INTRODUCTION

Regression modeling methods based on computing more accurate collective forecasts from predictions made by a set (ensemble) of less accurate and simpler original algorithms have been widely used in modern machine learning. These methods include random regression forest and methods based on adaptive or gradient boosting. An important role in the construction of collective algorithms is played by the method of obtaining the original ensemble of so-called weak algorithms. A theoretical analysis shows that the generalization ability can be improved by using an ensemble of algorithms that not only have high accuracy, but also produce maximally diverging forecasts [1]. The low correlation between forecasts potentially makes it possible to achieve a more accurate algorithmic approximation, which objectively ensures the most accurate forecast with the use of a bounded number of algebraic operations [2, 3]. In the random regression forest method, the divergence of forecasts is achieved by training the algorithms of the ensemble on different samples generated from the original training sample with the use of bootstrap [4]. In the gradient boosting method [5], an ensemble is generated sequentially. At every iteration step, the ensemble is supplemented with trees approximating the first derivatives of the loss function with respect to the variables corresponding to collective forecast.

Another important component is the method used to compute collective forecast, which can also be interpreted as a result of mutual correction of forecasts. In the random regression forest method, correction is carried out by simple computation of average forecasts.

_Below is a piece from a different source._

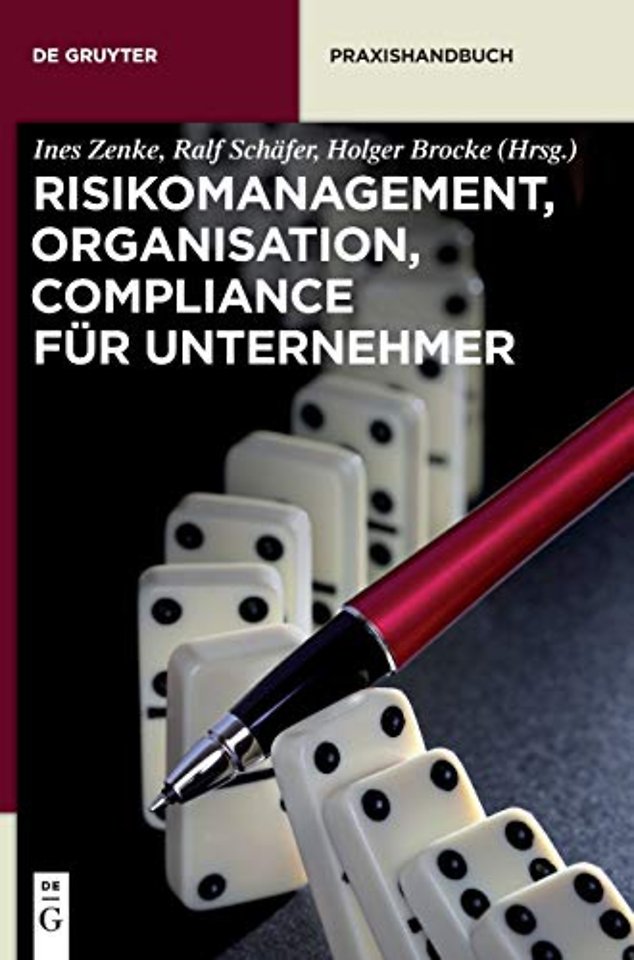 Risikomanagement, Organisation, Compliance fur Unternehmer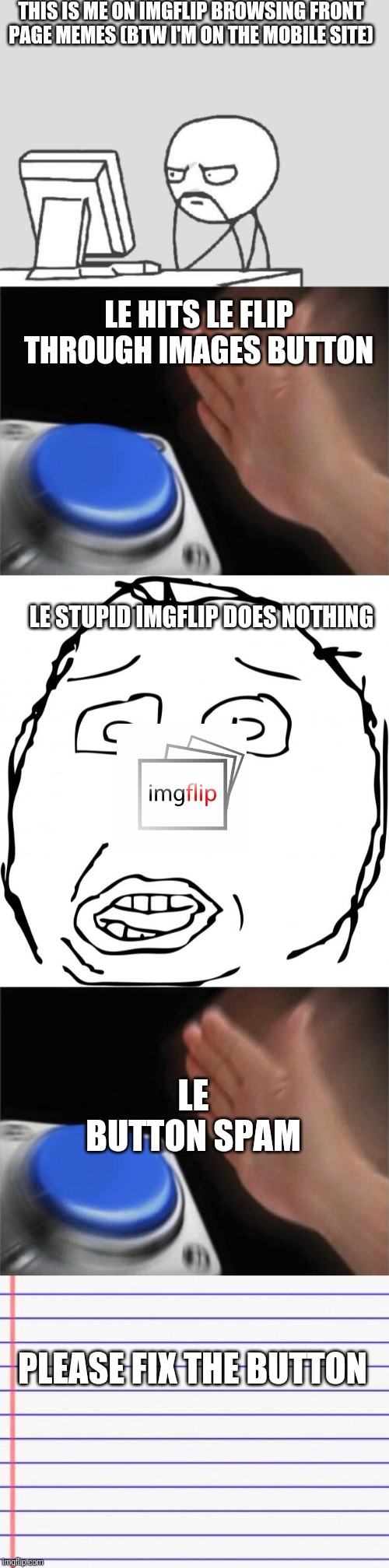 THIS IS ME ON IMGFLIP BROWSING FRONT PAGE MEMES (BTW I'M ON THE MOBILE SITE); LE HITS LE FLIP THROUGH IMAGES BUTTON; LE STUPID IMGFLIP DOES NOTHING; LE BUTTON SPAM; PLEASE FIX THE BUTTON | image tagged in memes,computer guy,herp,honest letter,blank nut button | made w/ Imgflip meme maker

Another possible method for organizing a corrective procedure is the stacking scheme, in which the outputs of the ensemble algorithms are treated as input features of an algorithm computing an output corrected forecast [6, 7]. As a rule, the efficiency of stacking is low as applied to the computation of collective decisions from sets of weak algorithms produced by random forest generation procedures. It can be assumed that the low efficiency is caused by the insufficient divergence of the weak algorithms in the forecast space in the case of standard ensemble generation methods.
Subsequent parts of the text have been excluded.